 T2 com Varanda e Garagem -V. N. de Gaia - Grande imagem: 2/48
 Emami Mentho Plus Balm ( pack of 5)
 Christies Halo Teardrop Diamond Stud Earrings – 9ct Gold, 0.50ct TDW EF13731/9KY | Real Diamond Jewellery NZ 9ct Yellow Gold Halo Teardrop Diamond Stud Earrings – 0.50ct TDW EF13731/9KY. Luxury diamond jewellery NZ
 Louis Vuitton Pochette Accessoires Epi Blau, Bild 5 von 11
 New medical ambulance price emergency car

_Work instruction_
Reply with the lines from the one that contains "Christies Halo Teardrop" through the last line of the material above, copied exactly and nothing else.

_Your response_
 Christies Halo Teardrop Diamond Stud Earrings – 9ct Gold, 0.50ct TDW EF13731/9KY | Real Diamond Jewellery NZ 9ct Yellow Gold Halo Teardrop Diamond Stud Earrings – 0.50ct TDW EF13731/9KY. Luxury diamond jewellery NZ
 Louis Vuitton Pochette Accessoires Epi Blau, Bild 5 von 11
 New medical ambulance price emergency car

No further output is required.